17 領主の帰還
初回のマジックバッグ使用実験の十五日後には、二回目が行われた。
フランクの部下たちを数人のグループに分け、各自を競わせるようにして作り上げた試作品は七つ、そのすべてにマサユキは試用者として立候補した。開発にかかわっていないのに「発案者」として設計図に名前が載り、完成後の利益を約束されているのは申し訳ないからと理由を述べれば、怪しまれることも断られることもなかったそうだ。初回の惨事で負傷した魔術師たちは試用したがらず、危険な役割はマサユキに押し付けてしまおうという思惑もあったのだろう。
二回目の試用実験ではそれぞれのグループが作った七つのマジックバックを試した。ギルド所長が中心となって製作された物が一番性能が高く、用意してあった八十個の石がすべて袋の中に収納できた。だが直後に袋が内側から破裂し、初回実験の時と同じく石が実験室を襲ったそうだ。
「隠し持っていた錬金薬が役に立ちました」
前回は机の下に逃げ込んで無事だったが今度は回避が間に合わず、マサユキは肩に石弾の直撃を受けてしまったそうだ。
「錬金薬は足りましたか?」
アキラの問いに「なんとか」と苦笑いで答えたマサユキにとって、錬金薬三本は少しばかり懐に厳しい出費だった。
「必要経費だろ、こっちで負担した方がいいんじゃねーか?」
「もちろんです。
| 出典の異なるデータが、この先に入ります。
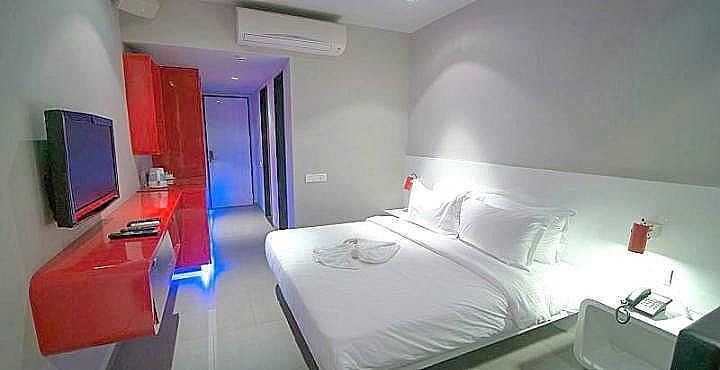 SinQ Party Hotel (No Stags Allowed) Party room 4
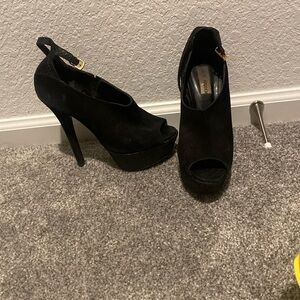 Steve Madden peep toed platform heels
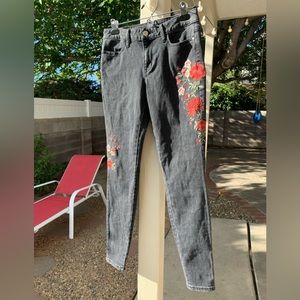 a. n. a A New Approach Jegging black denim with flower embroidery size 6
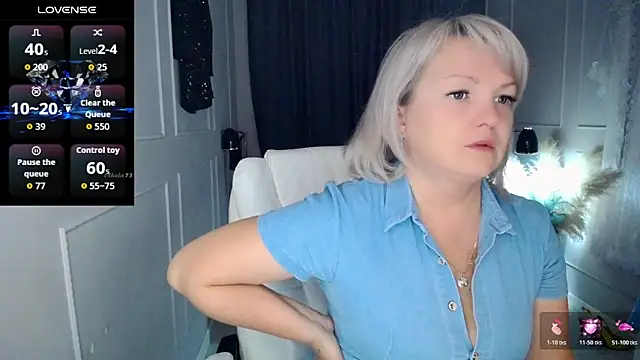 Snapshot of Juarnea chatting on April 8, 2026, 11:28 pm Juarnea online show from April 8, 2026, 11:28 pm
現物支給になりますが、いいですか?」
アキラは早速手持ちの錬金薬をマサユキに渡そうとした。
「後でいいよ、今から必要になるかもしれないだろ」
「そうよ、これからムーン・ベア討伐なのよ、それはケガした時のためにとっときなさいよ」
冬になれば冬眠するムーン・ベアは、九月も終わる頃になると餌を求めて森を出て村を襲う。コウメイたちが引き請けたのは、数日前に目撃情報のあったムーン・ベアの討伐だ。
「森のくまさんごときで負傷するほど、俺らは弱くねぇぜ」
「そーそー、何回も討伐経験あるし、ケガなんかしねーって」
準備万端でありながら緊張に身を引き締めているマサユキたちとは正反対に、コウメイら三人はピクニックにでも来たかのようにのんびりとしていた。余裕を通り越して格下の魔獣を相手にするような発言に、カチンときたケイトが目を細めた。
「舐めプしてると、ケガするわよ?」
「他所のと違って、ここらのムーン・ベアは群れるからね」
他所では単独行動が基本の魔獣だが、ウナ・パレム近辺に出没するのは最低でも三頭の群れだとマサユキが注意した。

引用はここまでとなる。